▶ EXERCISE: Below are records; from the line containing "Hello my name is Mallorie png download" through the very last line, output each line exactly. No pictures.

(Short text fragments from websites)
- Opening Delimiter -

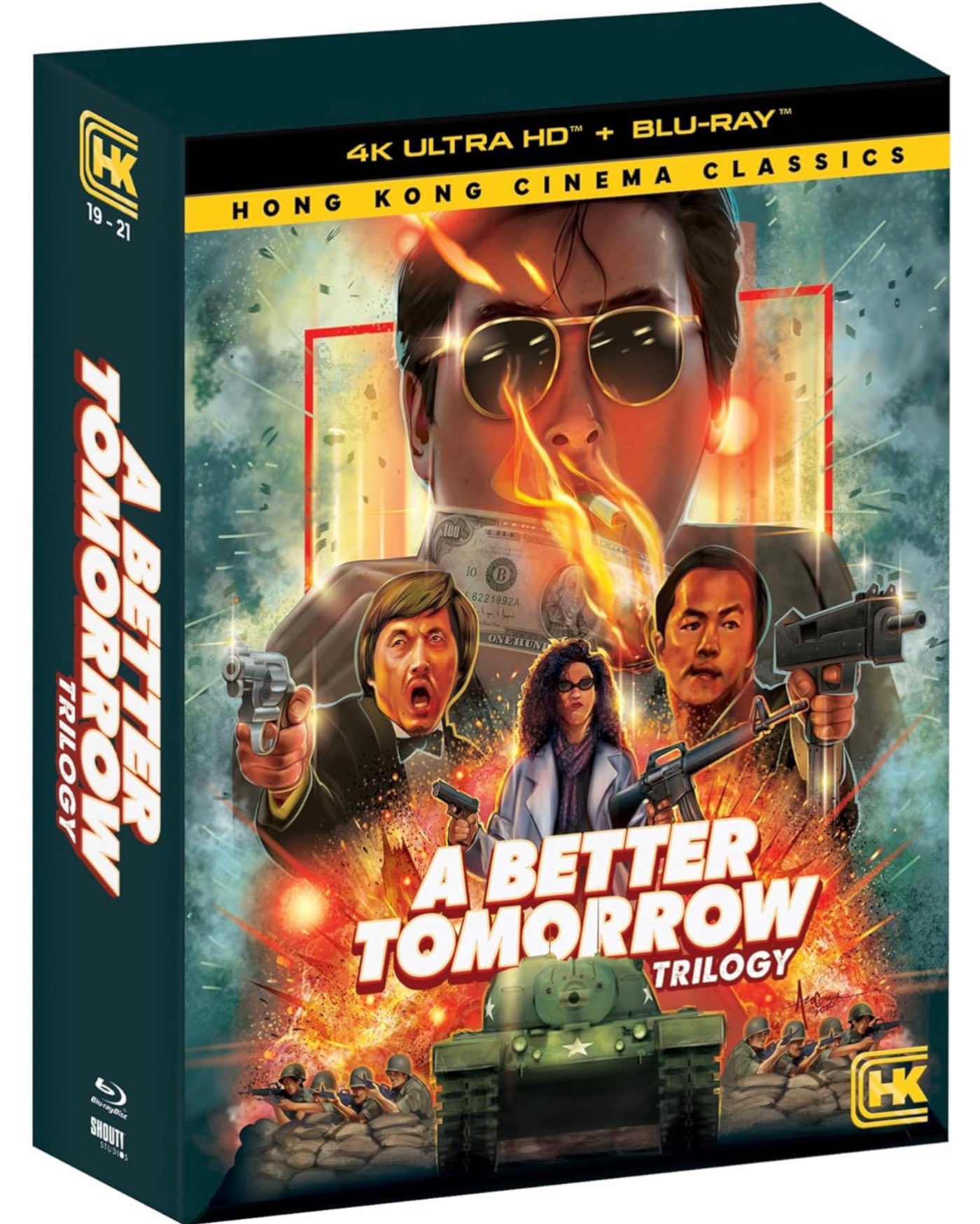 (Dinged) A Better Tomorrow Trilogy (Shout Factory HKCC) (4k UHD / Blu-Ray)
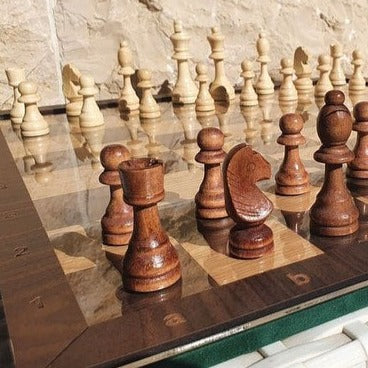 Velvet Wooden Plexi Chess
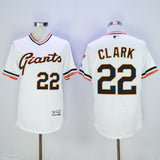 San Francisco Giants #22 Will Clark Giants 22 White Retro 2016 Player Version
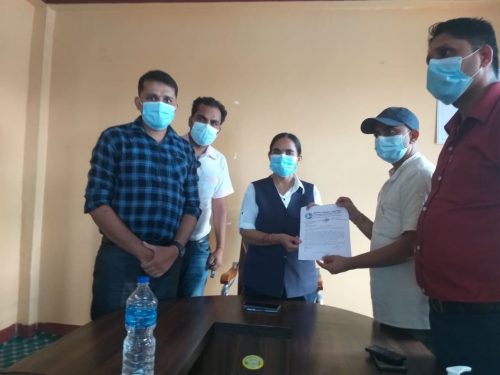 आम सन्चार विधयेक तत्काल फिर्ता लिन नेपाल पत्रकार महासंघ नवलपुर शाखाको माग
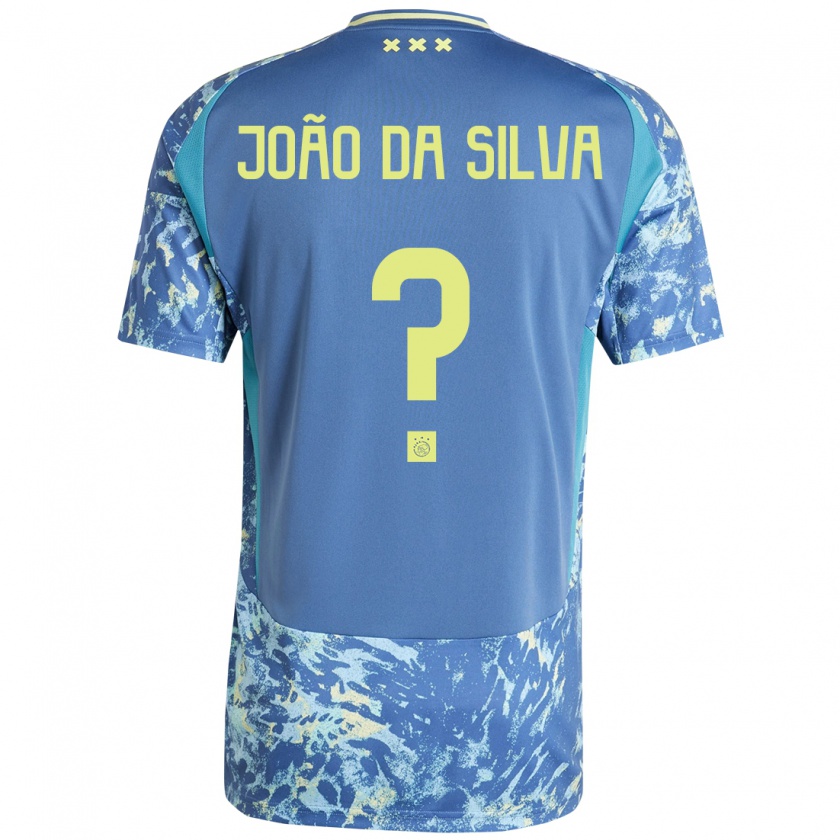 Kandiny Kinder Miguel João Da Silva #0 Grau Blau Gelb Auswärtstrikot Trikot 2024/25 T-Shirt Österreich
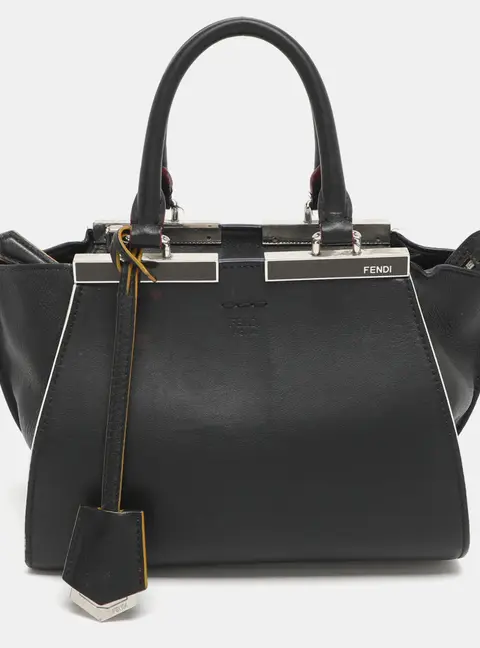 Fendi 3Jours Petite Black Leather Tote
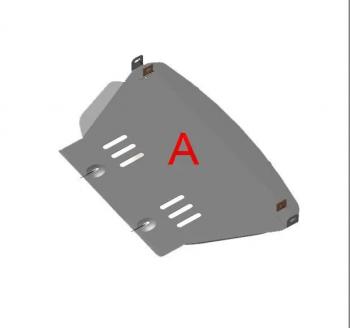 3 299 р. Защита радиатора (установка невозможна без ALF24632st) (V-2.4) ALFECO Toyota Estima Lucida XR10,20 дорестайлинг (1992-1995) (сталь 2 мм)  с доставкой в г. Пермь. Увеличить фотографию 2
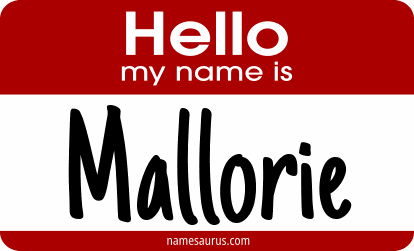 Hello my name is Mallorie png download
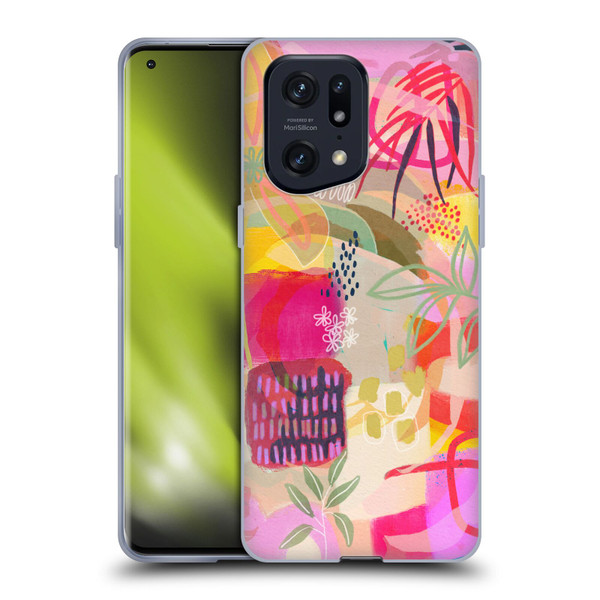 Suzanne Allard Floral Art You Are Loved Soft Gel Case for OPPO Find X5 Pro
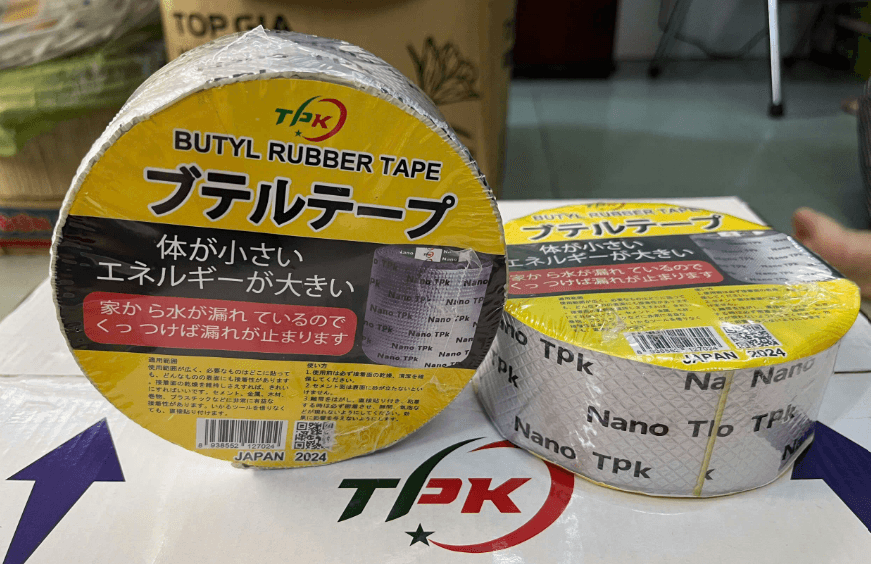 Halana - LẺ Băng keo chống dột Nano thùng trắng (6 cuộn/bao)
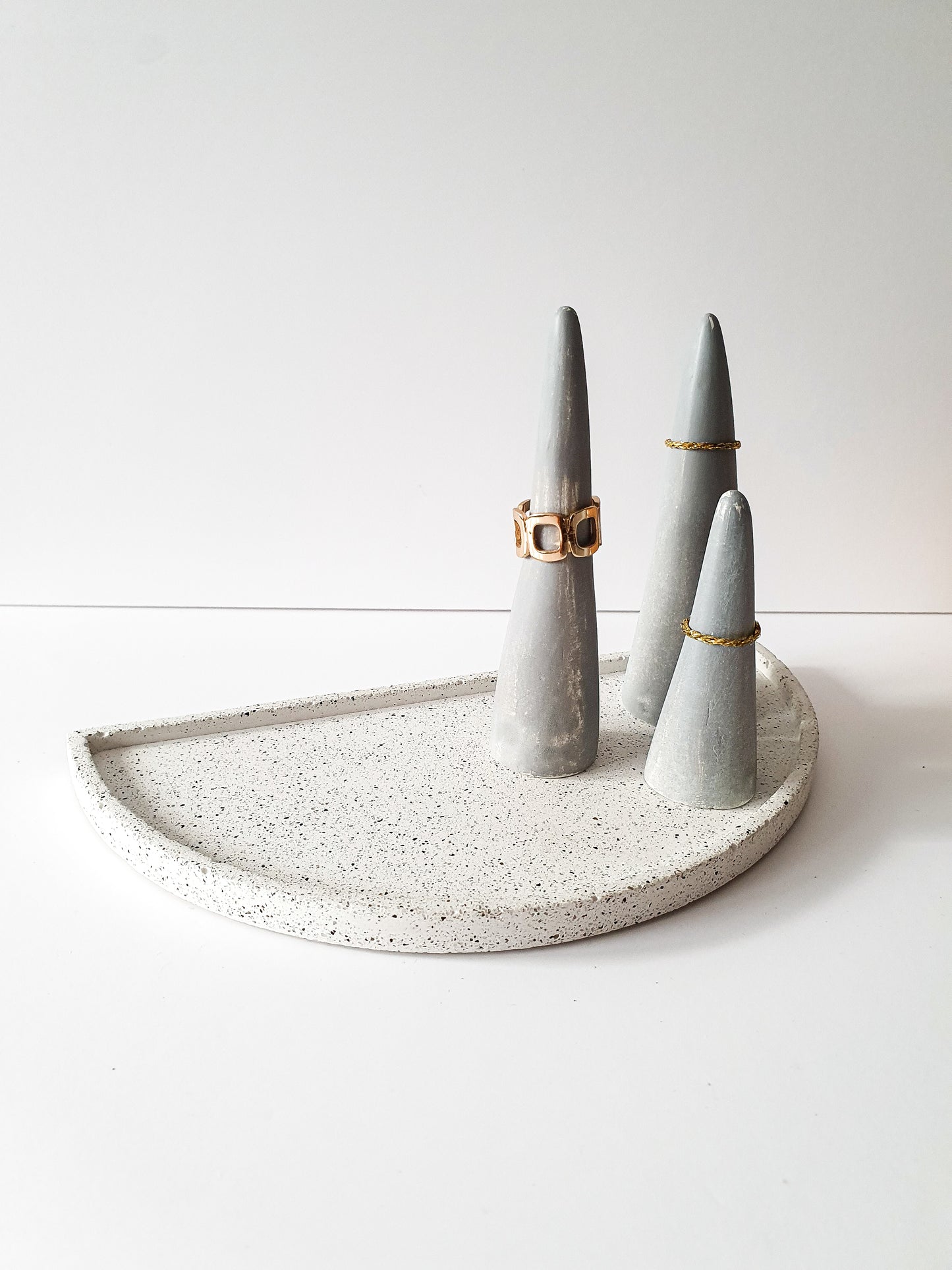 Organic Free Form Ring Cones Set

- Closing Delimiter -

▶ RESPONSE:
 Hello my name is Mallorie png download
 Suzanne Allard Floral Art You Are Loved Soft Gel Case for OPPO Find X5 Pro
 Halana - LẺ Băng keo chống dột Nano thùng trắng (6 cuộn/bao)
 Organic Free Form Ring Cones Set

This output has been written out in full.